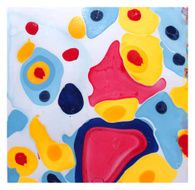 Abstract painting background N2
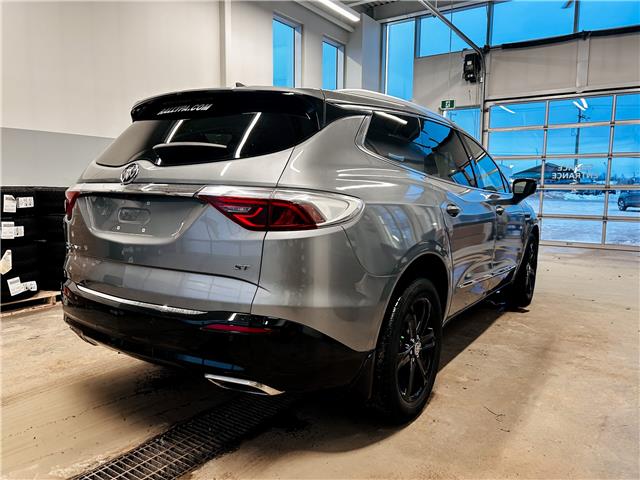 2023 Buick Enclave Essence (Stk: V3233) in Prince Albert - Image 12 of 13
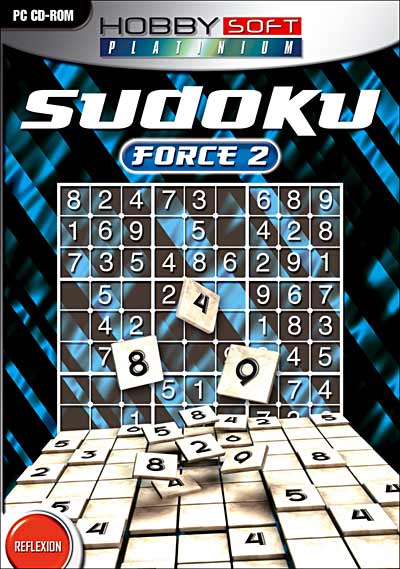 Sudoku - Force 2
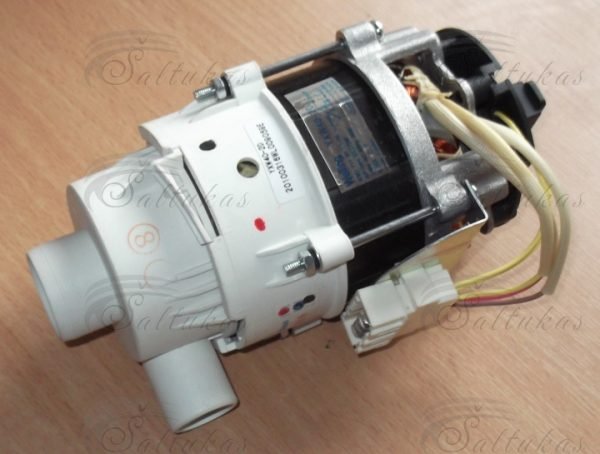 Indaplovės AEG/Electroliux cirkuliacinis siurblys 230V , 50Hz, 46W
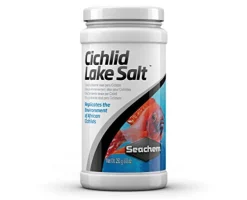 Seachem Cichlid Lake Salt - 500 g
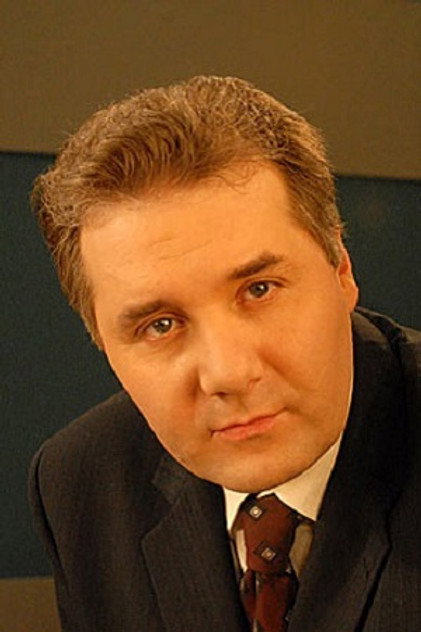 Andrey Rapoport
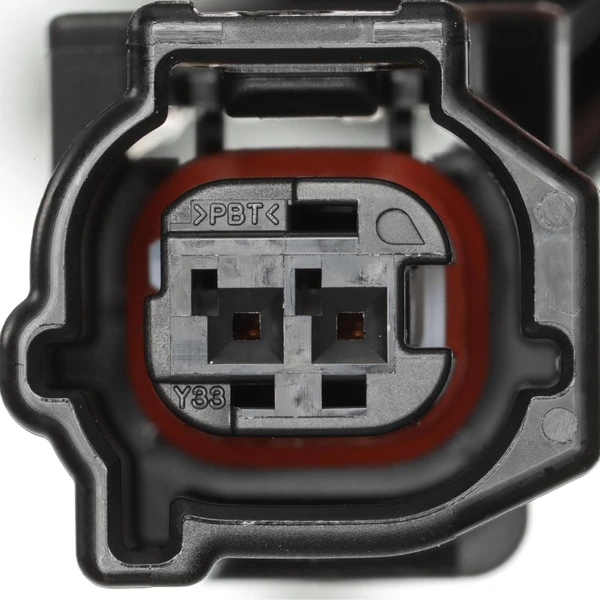 Standard ALS3515 ABS Wheel Speed Sensor, Front Right Passenger Side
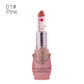 Color-Changing Flower Lip Gloss – Vegan, Gluten-Free, Hydrating Lip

■ ■ ■ ■

THE PROBLEM: The answer must consist of the entries above, reproduced word for word, without any pictures.

EXERCISE RESPONSE:
 Abstract painting background N2
 2023 Buick Enclave Essence (Stk: V3233) in Prince Albert - Image 12 of 13
 Sudoku - Force 2
 Indaplovės AEG/Electroliux cirkuliacinis siurblys 230V , 50Hz, 46W
 Seachem Cichlid Lake Salt - 500 g
 Andrey Rapoport
 Standard ALS3515 ABS Wheel Speed Sensor, Front Right Passenger Side
 Color-Changing Flower Lip Gloss – Vegan, Gluten-Free, Hydrating Lip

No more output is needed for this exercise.